February 15, 2017

Review: The Dream-Quest of Vellitt Boe

The Dream-Quest of Vellitt Boe The Dream-Quest of Vellitt Boe by Kij Johnson
My rating: 4 of 5 stars

This is yet another re-imagining of H.P. Lovecraft's oeuvre, in this case "The Dream Quest of Unknown Kadath." Not having read the original, I'm sure I didn't pick up on many of Kij Johnson's references, but this lack did not impede my thoroughly enjoying this story. Starting with the main character: 55-year-old Vellitt Boe, a professor at a women's college in the "dreamlands," a world where capricious gods slumber and destroy, nature is in a perpetual state of upheaval, and physics as we know it does not exist.

Can you imagine that? A middle-aged woman, not relegated to invisibility, in charge of her own story? Sign me up.

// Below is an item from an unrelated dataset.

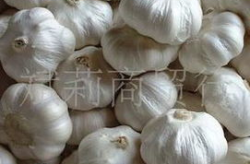 河南大蒜最新价格,新旧蒜竞争加剧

It soon becomes apparent that although Vellitt's quest is important (she's pursuing a young student who ran off with a man from the "waking world," in fear that said student's father will shut down the Ulthar Women's College, one of the few opportunities available for women of the dreamlands), the journey itself is the point. Vellitt walks endless miles through nasty underground caverns, meets with and fights all sorts of dangerous creatures, and eventually ascends to the "waking" (e.g., our) world. (For much of this journey she is accompanied by a small black cat--which does not die. TAKE NOTE, JOE HILL!!!) Along the way, we are given considerable insight into the far-traveling young woman she once was, and how she is determined to be, as she puts it, more than a "footnote to a man's story." The only complaint I have about this story, and it's a minor quibble, is the abruptness of the ending. This storyline is wrapped up, but I would very much like to know what Vellitt does next.